Une quarantaine de personnes emplissaient la petite salle du Club Achille Chavée, le matin de ce samedi 1er mai, pour débattre et exprimer leur ras-le-bol face à la précarité dans laquelle le système plonge des milliers de gens, travailleurs sans emplois mais aussi –et de plus en plus- des travailleurs actifs.
 
Parmi eux, Rosaria Messina, déléguée SETCa chez Carrefour, explique les raisons de la grève menée, ce week-end de 1er mai, dans de nombreux magasins du groupe pour protester contre une volonté délibérée du patron de remettre en cause le statut des travailleurs, notamment par le changement défavorable de commission paritaire.
 
Freddy Bouchez, pour Droit devant, enchaîne en alertant l’assemblée des dangers de contractualisation que les nouvelles mesures d’accompagnement des chômeurs induisaient.
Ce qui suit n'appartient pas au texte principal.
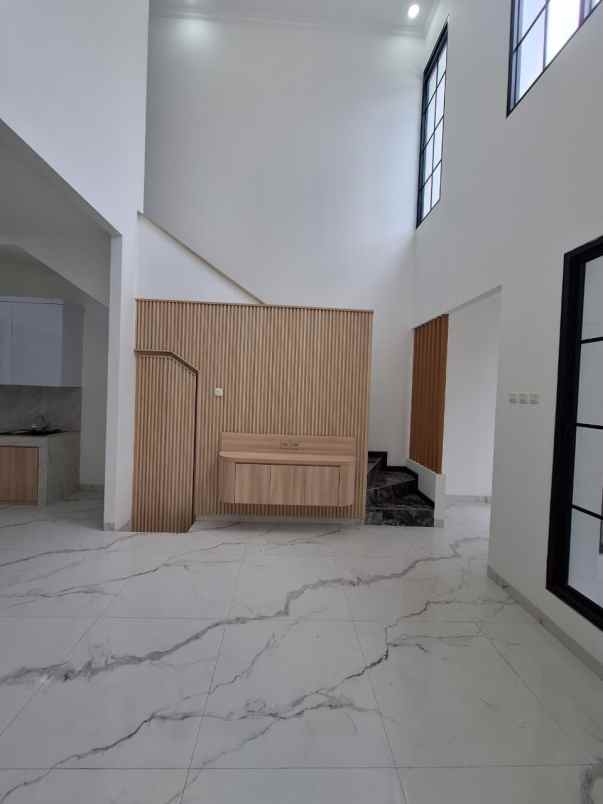 dijual rumah cempaka putih tengah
Avec cette contractualisation, c’est le droit même à la sécurité sociale qui est mis en cause.
 
L’accès à un logement décent est l’un des moyens essentiels pour protéger de la précarité : c’est le combat que mène inlassablement Paul Trigalet, depuis des décennies, avec les sans abris et avec les locataires des cités dites sociales. Il dénonce la politique des villes comme Liège et Charleroi qui visent à éloigner les pauvres des centres villes ; à cacher la misère donc plutôt que la combattre. Le débat fait apparaître qu’à La Louvière 800 logements restent vides et que 15 à 20 expulsions par semaine et par huissier y sont exécutées.
 
Pour le docteur Geert Goderis, la santé est un autre révélateur des inégalités de notre société. Il s’inquiète notamment des risques encourus par les nouvelles générations confrontées dès le plus jeune âge à la pauvreté, aux difficultés de se soigner, à la malbouffe.
 
Les jeunes, c’est précisément eux qui préoccupent le président du Secours Populaire Wallonie-Bruxelles, Robert Tangre, qui avec l’opération « Les oubliés des vacances » apporte chaque année pendant le mois d’août, une journée de découverte leur permettant de sortir de leur ordinaire.
 
Enfin, l’intervention d’Elisabeth Augustyn, déléguée SETCa chez Lidl, illustre la précarisation qui touche les travailleurs actifs, y compris les cadres, dans certaines sociétés commerciales. Un débat très riche a porté en grande partie sur cette épineuse question du contrôle des chômeurs et de l’obligation qui leur est faite, sous peine d’exclusion, d’accepter un travail dans n’importe quelle condition.
 
Il a également soulevé les conséquences discriminatoires, principalement à l’encontre des femmes, que représente la notion de « cohabitation » qui entraîne des pertes de revenus pour les ménagés déjà économiquement fragilisés.

Le débat a été suivi d’un repas au cours duquel les convives ont pu apprécier les produits des fermes de l’entité louviéroise.